▸ **Supplied records**
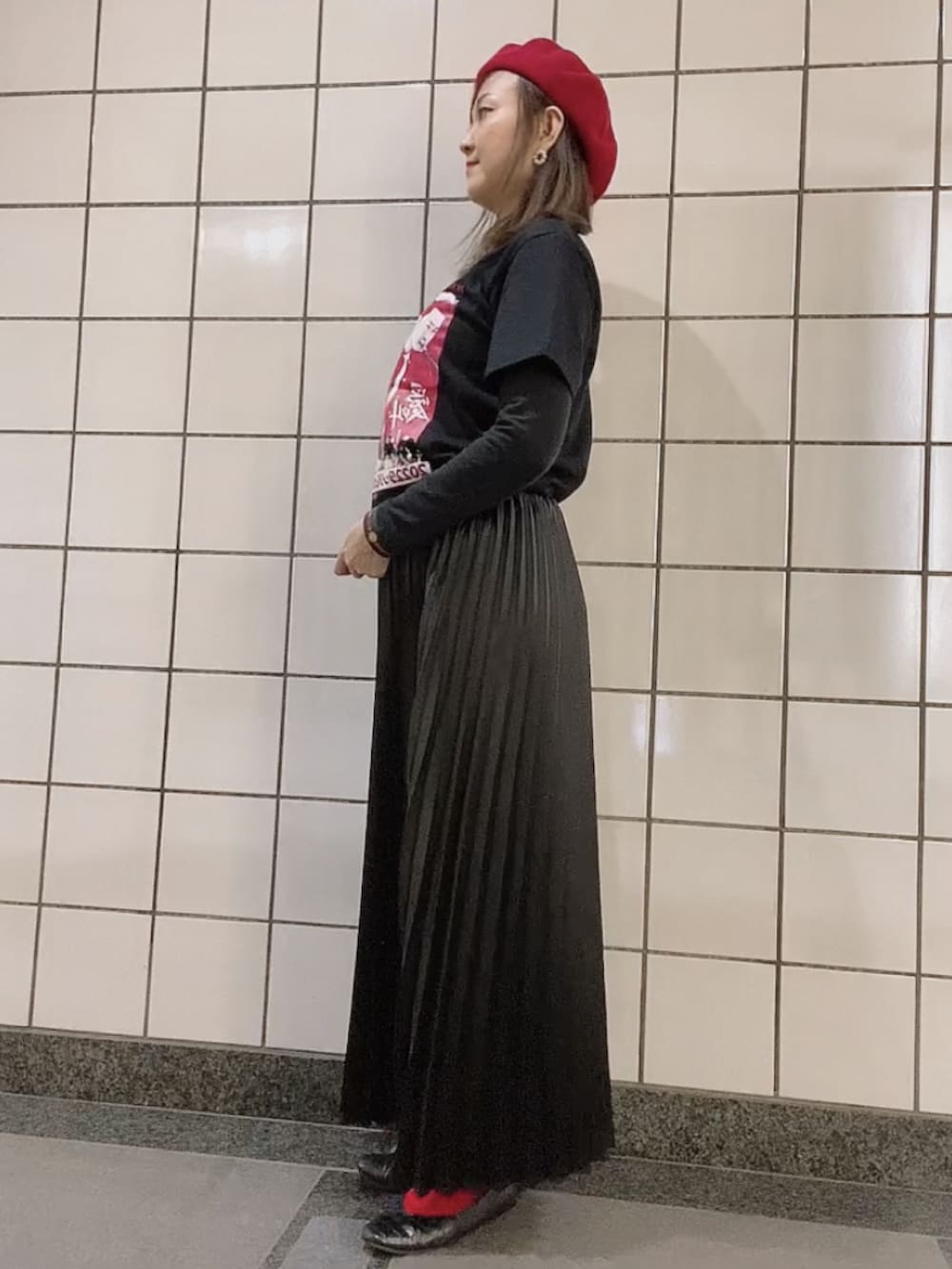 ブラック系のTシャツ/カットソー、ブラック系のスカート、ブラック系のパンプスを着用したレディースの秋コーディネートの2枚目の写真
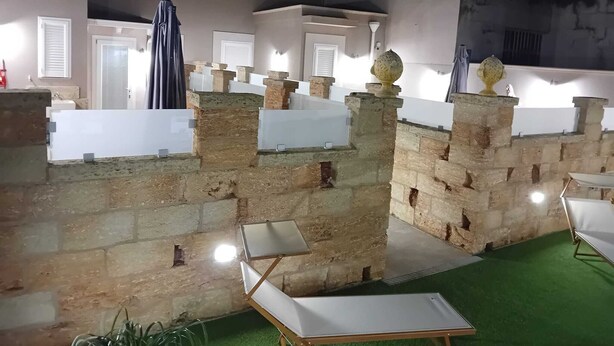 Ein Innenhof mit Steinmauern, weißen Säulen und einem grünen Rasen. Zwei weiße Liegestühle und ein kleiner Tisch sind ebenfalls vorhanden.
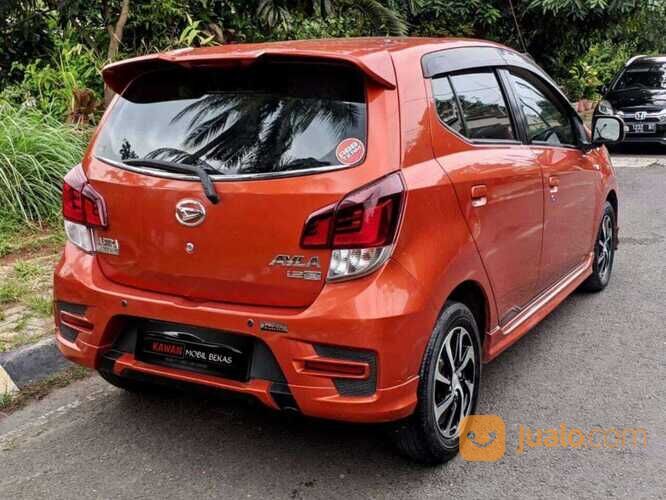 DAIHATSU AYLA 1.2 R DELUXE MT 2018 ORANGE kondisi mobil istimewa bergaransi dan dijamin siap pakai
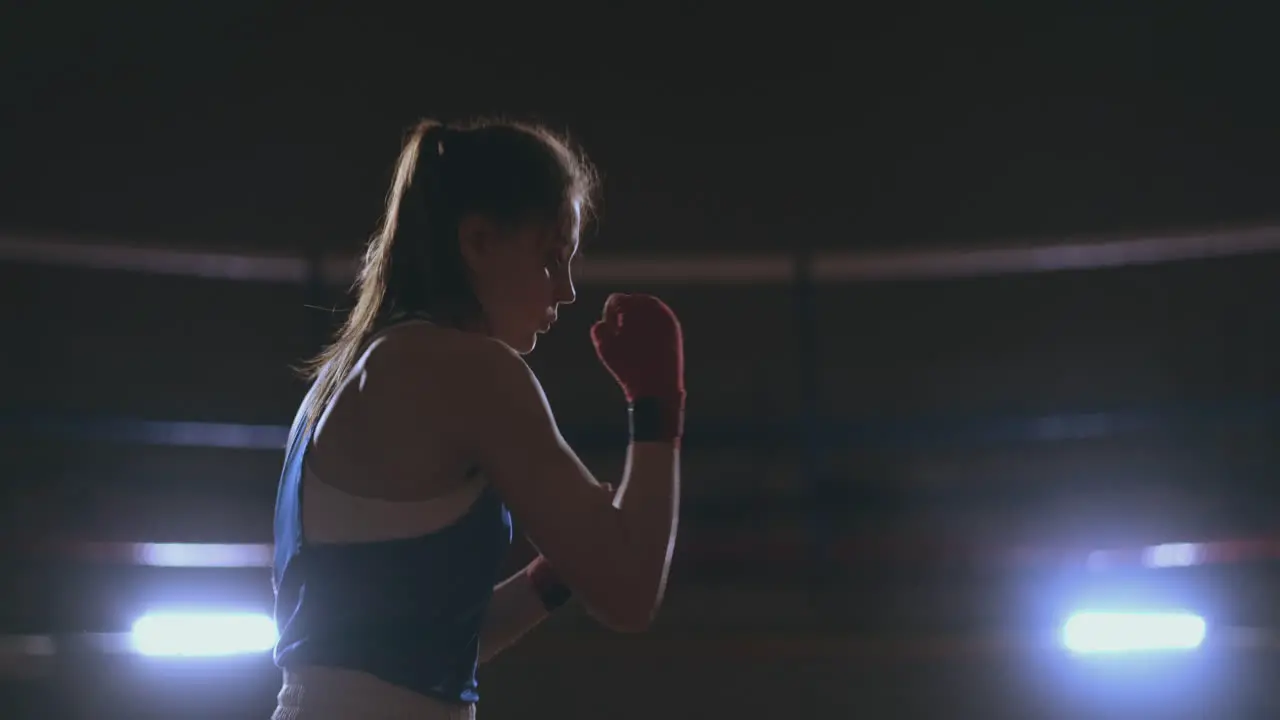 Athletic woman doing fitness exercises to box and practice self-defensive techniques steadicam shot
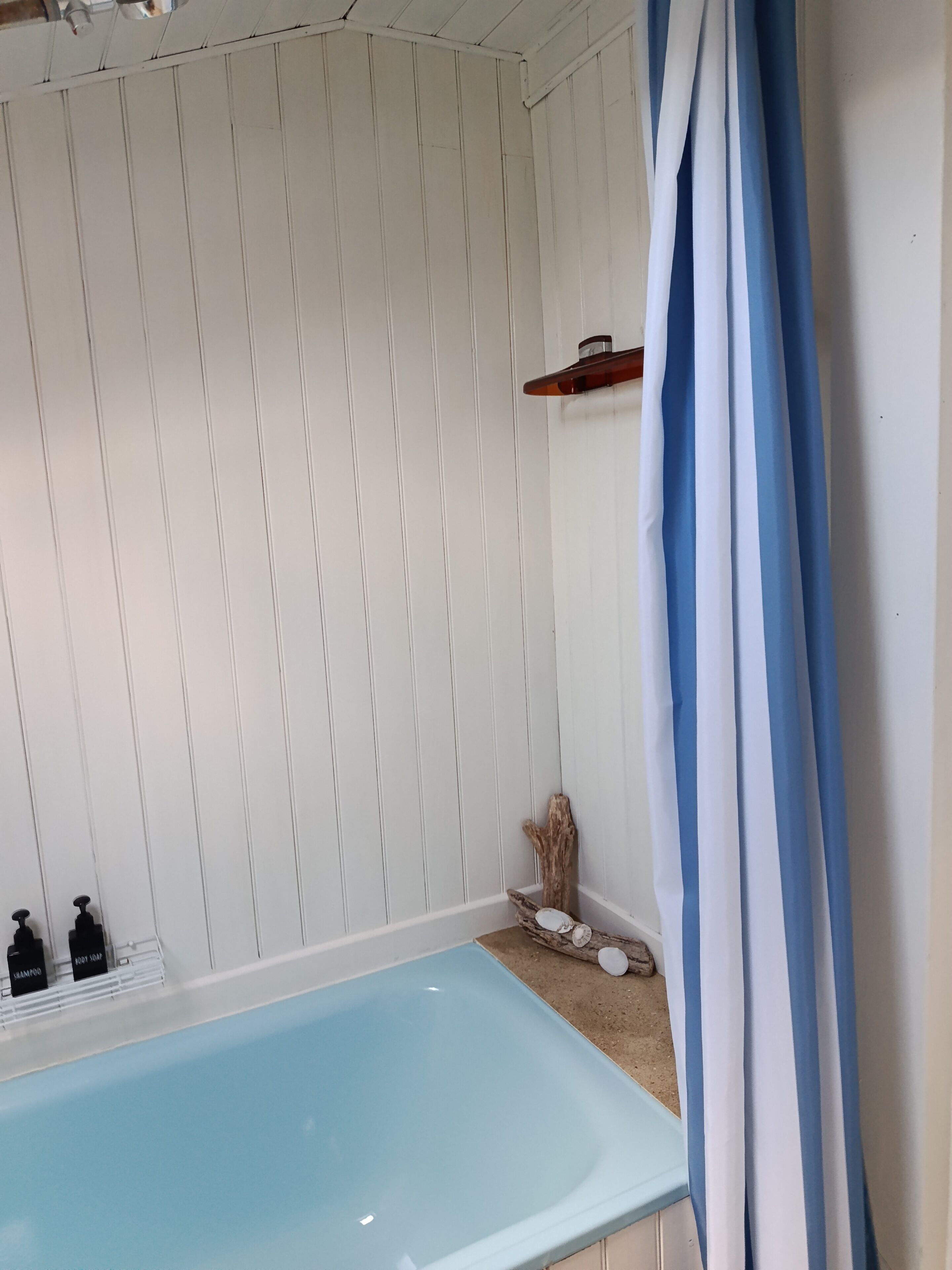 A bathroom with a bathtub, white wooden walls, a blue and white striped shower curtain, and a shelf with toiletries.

▸ **Work required**
Your response must reproduce every line of the data exactly, with images omitted.

▸ **Answer for this exercise**
 ブラック系のTシャツ/カットソー、ブラック系のスカート、ブラック系のパンプスを着用したレディースの秋コーディネートの2枚目の写真
 Ein Innenhof mit Steinmauern, weißen Säulen und einem grünen Rasen. Zwei weiße Liegestühle und ein kleiner Tisch sind ebenfalls vorhanden.
 DAIHATSU AYLA 1.2 R DELUXE MT 2018 ORANGE kondisi mobil istimewa bergaransi dan dijamin siap pakai
 Athletic woman doing fitness exercises to box and practice self-defensive techniques steadicam shot
 A bathroom with a bathtub, white wooden walls, a blue and white striped shower curtain, and a shelf with toiletries.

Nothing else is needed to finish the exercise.